I sent the book off to children’s book publishers and received a few “sorry, but try us again” replies, which motivated me to write the next books. These were all inspired by my children and their friends and, even though they were never published, I felt proud that I captured these moments to share with readers.

Unfortunately, I no longer recall the plots of the three subsequent books that I wrote. Sometime in the years that followed, I threw all four manuscripts out. Gone, my four children’s stories – all relegated to the trash.

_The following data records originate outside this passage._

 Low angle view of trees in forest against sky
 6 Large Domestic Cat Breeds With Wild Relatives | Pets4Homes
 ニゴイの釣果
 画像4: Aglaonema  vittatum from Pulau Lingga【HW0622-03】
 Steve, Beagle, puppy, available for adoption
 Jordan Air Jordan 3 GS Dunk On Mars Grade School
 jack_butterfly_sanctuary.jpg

Why? I still don’t know why. Maybe I was moving and trying to “downsize” the amount of paper in the drawers. I might have been having a “neat” day or week. This seems to be common reason writers and artists throw out stuff. It’s possible I looked at the file folders and said, “Who cares? I’ll never publish them.” I had not yet started teaching creative writing and couldn’t observe my own dictum for the next 20 years in classrooms: “Never throw anything out!” I have journals and diaries, photographs, address books, calendars – some going back to the late 1950s. Not a hoarder (any more than other writers), I nonetheless have held onto several drafts of the novels I’ve written. I’m sure my kids will show up in my office with large plastic bags, if not a torch, right I’ve gone on to my heavenly rest.

In writing Only You, the memoir about to be released by Oak Tree Press, so much old, filed material going back to the late 1950s came in handy. I’m completing another memoir, Dancing Hussy, set in the mid-1970s, about my new life as a single mom in the Hamptons and my adventures as a belly dancer/instructor. Written in bits and pieces, over many years, I still need to see that photo, remember that student’s name, and learn more details about master classes I took in New York City. There are plenty of books on the shelves, lots of vinyl in the record cabinet, pictures of the younger, slim and beautiful Eileen in costume, a 3 x 5 card index file of every student I taught over five years’ time. Just seeing a name on a card, looking at a book jacket or playing a record prompts memories.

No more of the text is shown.